On-time project handover and a geographically diversified portfolio of residential and commercial projects in prime locations make Godrej Properties a good option in the real estate space. Low leverage (the amount of debt the company has in proportion to its equity capital) due to an asset-light model is also a plus, at a time when interest rates do not appear to decline sharply. At the current price of Rs 342, the stock trades at 18 times its estimated 2014-15 earnings, at the lower end of its historical trading band. The stock was recently de-rated on worries that Godrej, unlike other builders, may not make super-normal profits on its land bank. But the asset-light model has allowed Godrej Properties to use available funds for construction spread over 12 cities for a total area of 87.6 million square feet. Recently, the company completed and handed over the first phase of around 600 apartments in the Garden City project in Ahmedabad, launched in 2010. This is its largest residential project with an estimated saleable area of around 20 million sq ft. On-time delivery will likely help sales in the subsequent phases of the project.

Godrej Properties has access to the group companies’ sizeable captive land at Vikhroli in suburban Mumbai. It has been expanding its development rights portfolio and entered into agreements to develop 30 more acres at Panvel, near Mumbai, where a new international airport is planned.

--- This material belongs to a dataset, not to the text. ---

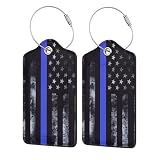 2 Pack Luggage Tags for Suitcases, PU Leather Bag Tag with Privacy Cover Address Card Travel Essentials-Blue Line American Flag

The company’s rights issue in August, priced at Rs 325 per share, raised Rs 700 crore, and helped it reduce net debt to around Rs 1,200 crore from Rs 1,600 crore in June. Net debt to equity ratio fell to 0.57 times from 1.1 times in June. The lower leverage level will enable the company raise additional funds required for its projects. Also, the company’s cost of borrowing is low, at 11.4 per cent.

Godrej’s numbers over the next couple of quarters, however, may remain muted. Sales have slowed sharply at its Godrej BKC project in Mumbai, with saleable commercial area of 1.2 million sq ft. As the company’s future revenues and margin growth depend on this, sales need to be watched closely for improvements. Also, while the area sold in the September quarter was down 60 per cent year-on-year, revenue and profits increased 37 per cent and 31 per cent, respectively. Strong sales at Godrej One in Vikhroli and completed commercial project Godrej Waterside in Kolkata, aided the numbers.